L’avenir des conflits dans le Pacifique
Pour conclure, Mme Eckhoff a invité les panélistes à donner leur avis sur les types de conflits qu’ils envisagent à l’horizon dans la région. Selon M. Spiros Poa, en tant que spécialiste de l’énergie, il y aura de nombreux conflits dans les secteurs de la construction et de l’exploitation minière, en particulier ceux liés aux contrats d’ingénierie, d’approvisionnement et de construction, aux contrats d’achat d’électricité, ainsi que dans le secteur des énergies renouvelables.

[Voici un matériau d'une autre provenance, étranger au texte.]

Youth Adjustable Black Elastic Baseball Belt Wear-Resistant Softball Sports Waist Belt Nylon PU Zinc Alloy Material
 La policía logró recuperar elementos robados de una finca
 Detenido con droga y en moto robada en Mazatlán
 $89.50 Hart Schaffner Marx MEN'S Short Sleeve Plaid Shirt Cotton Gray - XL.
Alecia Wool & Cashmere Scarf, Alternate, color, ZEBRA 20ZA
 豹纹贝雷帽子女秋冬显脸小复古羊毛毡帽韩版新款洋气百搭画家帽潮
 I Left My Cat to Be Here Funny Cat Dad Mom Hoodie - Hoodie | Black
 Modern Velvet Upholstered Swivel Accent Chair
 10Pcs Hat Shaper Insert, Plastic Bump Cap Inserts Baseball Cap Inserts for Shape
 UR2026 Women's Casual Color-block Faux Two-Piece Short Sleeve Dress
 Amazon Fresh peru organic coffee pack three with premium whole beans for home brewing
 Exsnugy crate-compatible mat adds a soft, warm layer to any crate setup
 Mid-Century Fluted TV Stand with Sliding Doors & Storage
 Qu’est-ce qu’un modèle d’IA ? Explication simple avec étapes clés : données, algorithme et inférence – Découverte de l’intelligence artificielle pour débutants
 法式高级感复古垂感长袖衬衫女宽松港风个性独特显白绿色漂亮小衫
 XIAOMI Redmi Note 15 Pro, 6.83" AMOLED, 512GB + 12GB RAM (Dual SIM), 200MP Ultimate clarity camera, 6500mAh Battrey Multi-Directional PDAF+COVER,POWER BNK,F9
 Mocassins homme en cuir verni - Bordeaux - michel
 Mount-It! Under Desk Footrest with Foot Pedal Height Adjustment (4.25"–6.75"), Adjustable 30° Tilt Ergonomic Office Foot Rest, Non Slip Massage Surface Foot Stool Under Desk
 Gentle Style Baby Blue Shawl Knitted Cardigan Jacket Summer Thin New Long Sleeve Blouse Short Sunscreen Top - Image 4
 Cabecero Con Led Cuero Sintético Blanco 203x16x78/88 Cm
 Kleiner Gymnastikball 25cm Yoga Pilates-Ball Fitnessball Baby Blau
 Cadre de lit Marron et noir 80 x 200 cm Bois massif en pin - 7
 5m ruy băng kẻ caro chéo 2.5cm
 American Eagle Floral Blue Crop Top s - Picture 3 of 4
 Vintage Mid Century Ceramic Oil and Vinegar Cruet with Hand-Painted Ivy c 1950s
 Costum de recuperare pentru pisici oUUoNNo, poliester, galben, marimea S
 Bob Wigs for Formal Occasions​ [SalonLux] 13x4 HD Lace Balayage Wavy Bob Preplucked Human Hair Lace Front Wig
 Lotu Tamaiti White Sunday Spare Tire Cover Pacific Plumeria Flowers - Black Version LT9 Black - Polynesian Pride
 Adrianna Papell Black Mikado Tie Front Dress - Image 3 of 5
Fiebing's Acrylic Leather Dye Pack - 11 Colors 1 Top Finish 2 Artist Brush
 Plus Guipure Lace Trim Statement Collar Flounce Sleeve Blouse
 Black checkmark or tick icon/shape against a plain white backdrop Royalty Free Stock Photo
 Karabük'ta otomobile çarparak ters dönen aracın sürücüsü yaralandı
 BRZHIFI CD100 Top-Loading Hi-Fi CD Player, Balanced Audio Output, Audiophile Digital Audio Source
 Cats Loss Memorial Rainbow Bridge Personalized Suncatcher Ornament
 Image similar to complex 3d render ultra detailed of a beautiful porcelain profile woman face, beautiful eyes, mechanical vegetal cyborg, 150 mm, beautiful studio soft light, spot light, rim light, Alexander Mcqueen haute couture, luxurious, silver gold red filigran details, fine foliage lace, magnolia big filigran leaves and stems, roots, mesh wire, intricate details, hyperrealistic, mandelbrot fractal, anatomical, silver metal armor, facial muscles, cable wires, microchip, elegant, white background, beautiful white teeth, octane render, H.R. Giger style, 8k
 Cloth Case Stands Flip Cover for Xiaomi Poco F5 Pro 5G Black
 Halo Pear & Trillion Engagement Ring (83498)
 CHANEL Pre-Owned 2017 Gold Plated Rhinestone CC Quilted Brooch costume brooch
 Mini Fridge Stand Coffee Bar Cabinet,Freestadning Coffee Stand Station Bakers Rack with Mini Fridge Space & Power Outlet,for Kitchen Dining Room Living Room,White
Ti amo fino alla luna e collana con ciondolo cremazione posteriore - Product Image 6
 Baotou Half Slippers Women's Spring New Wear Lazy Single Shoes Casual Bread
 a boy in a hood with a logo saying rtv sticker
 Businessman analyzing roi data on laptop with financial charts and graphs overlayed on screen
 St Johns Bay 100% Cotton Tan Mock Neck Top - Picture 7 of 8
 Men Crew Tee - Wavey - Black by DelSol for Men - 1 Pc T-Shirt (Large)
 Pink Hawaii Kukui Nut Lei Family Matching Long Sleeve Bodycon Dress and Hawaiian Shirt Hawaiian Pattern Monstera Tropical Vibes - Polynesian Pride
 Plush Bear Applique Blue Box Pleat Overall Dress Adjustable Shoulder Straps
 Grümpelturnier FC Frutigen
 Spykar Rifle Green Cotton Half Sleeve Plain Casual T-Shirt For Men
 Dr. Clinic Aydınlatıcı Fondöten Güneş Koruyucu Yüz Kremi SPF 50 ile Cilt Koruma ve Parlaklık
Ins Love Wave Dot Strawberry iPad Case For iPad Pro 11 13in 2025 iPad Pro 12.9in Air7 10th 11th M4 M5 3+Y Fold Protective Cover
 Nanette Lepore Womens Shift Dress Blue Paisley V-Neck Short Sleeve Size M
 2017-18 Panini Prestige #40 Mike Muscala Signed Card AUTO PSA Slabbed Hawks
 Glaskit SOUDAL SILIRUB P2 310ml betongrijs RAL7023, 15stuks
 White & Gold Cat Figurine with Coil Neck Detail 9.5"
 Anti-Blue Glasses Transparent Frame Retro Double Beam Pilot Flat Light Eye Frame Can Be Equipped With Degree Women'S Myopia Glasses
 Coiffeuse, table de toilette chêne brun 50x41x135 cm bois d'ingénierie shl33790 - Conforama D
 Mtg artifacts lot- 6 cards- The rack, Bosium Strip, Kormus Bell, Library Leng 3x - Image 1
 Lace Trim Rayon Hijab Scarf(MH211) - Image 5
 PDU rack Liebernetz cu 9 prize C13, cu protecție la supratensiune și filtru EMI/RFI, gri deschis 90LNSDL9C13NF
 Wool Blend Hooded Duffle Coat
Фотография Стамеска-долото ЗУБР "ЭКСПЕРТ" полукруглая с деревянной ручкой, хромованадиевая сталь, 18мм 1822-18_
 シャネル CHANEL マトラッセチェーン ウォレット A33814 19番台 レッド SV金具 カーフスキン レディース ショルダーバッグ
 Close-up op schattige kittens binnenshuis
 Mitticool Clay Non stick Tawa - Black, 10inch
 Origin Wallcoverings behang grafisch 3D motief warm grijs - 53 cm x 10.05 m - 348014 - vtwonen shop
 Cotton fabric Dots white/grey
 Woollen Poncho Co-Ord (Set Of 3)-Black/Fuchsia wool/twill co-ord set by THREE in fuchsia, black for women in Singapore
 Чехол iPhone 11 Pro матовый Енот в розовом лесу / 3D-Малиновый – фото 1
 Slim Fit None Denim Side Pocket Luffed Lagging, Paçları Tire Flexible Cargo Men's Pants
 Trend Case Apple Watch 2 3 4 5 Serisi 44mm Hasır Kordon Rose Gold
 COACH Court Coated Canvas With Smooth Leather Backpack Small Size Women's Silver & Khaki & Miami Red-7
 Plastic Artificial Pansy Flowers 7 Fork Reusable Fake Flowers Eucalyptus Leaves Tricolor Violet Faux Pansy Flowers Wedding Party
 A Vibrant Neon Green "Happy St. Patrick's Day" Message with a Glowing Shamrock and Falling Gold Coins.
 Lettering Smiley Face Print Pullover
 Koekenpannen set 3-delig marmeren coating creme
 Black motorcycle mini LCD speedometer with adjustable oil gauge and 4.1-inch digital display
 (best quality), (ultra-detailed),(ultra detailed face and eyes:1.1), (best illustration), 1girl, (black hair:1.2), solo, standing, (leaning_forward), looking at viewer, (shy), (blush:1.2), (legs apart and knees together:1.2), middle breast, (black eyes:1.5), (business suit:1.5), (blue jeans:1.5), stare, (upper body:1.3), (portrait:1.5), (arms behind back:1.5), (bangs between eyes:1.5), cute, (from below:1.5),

Mme Eckhoff a en outre noté que les juridictions de la région du Pacifique ne jouent pas un rôle important dans le domaine du règlement des différends entre investisseurs et États (« RDIE ») et s’est demandé s’il existait un consensus général dans la région pour ne pas conclure de traités d’investissement prévoyant le RDIE par le biais d’accords internationaux. arbitrage. M. Meltz a souligné qu’à son avis, il s’agit d’un sujet particulièrement sensible du point de vue du risque souverain, avec un sentiment de vulnérabilité émanant des économies en développement de la région.
Remarques finales
La table ronde a souligné le rôle crucial que joue la conscience culturelle dans le développement de l’arbitrage international dans le Pacifique. Les efforts efficaces de renforcement des capacités et de réforme doivent tenir compte des perspectives locales et des coutumes traditionnelles. Il est essentiel que toutes les parties prenantes impliquées dans l’arbitrage international dans la région – y compris les investisseurs étrangers, les praticiens du droit, les institutions d’arbitrage et les arbitres – comprennent et apprécient l’importance de la culture et ses différences nuancées dans la région du Pacifique.
Ceci conclut notre couverture de la Semaine australienne de l’arbitrage 2024. Une couverture plus complète de la Semaine australienne de l’arbitrage est disponible ici.